Jerzy Owsiak był również pytany o protesty, do których dochodzi w całej Polsce w związku z orzeczeniem kierowanego przez Julię Przyłębską Trybunału Konstytucyjnego. Sędziowie za niezgodne z polską konstytucją uznali przerywanie ciąży w wypadku ciężkiej i nieuleczalnej wady płodu.
- To, co się dzieje na ulicy, jest niezwykle energetyczne, jest pomysłowe. (…) Jestem pełen szacunku, niezwykle na to otwarty, przyglądający się temu – mówił szef WOŚP.
Jego zdaniem, "miliony Polaków rejestrują, co się obok nas dzieje". - Rejestrują co kto mówi, jak działa, czy robi to sprawiedliwie, czy niesprawiedliwe, czy jeszcze dolewa oliwy do ognia.

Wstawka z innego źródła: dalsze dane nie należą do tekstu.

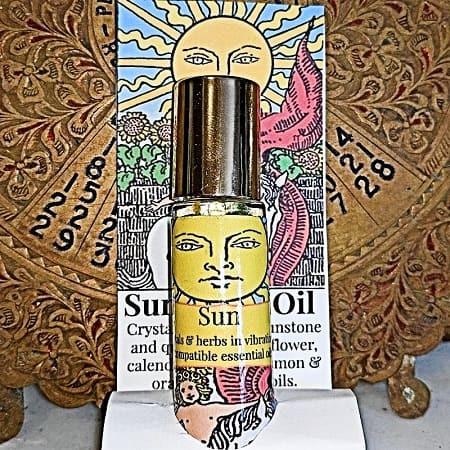 Goddess Gift Set 5 Goddess Gift Set, a bottle of essential oil with a colorful and artistic label featuring a woman's face and sun imagery.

To wszystko dzieje się na naszych oczach – powiedział.
Odniósł się także do wypowiedzi prezesa PiS Jarosława Kaczyńskiego, który m.in. wezwał zwolenników rządu do obrony kościołów przed protestującymi "za każdą cenę". - Takich słów już raz się bałem kilkadziesiąt lat temu, kiedy w Polsce był wprowadzany stan wojenny. (…) Jestem człowiekiem, który przeżył te czasy i wydawało mi się, że teraz jest czas budowania czegoś, z czego będziemy dumni. Okazuje się, że nie, że znowu musimy o coś walczyć – mówił.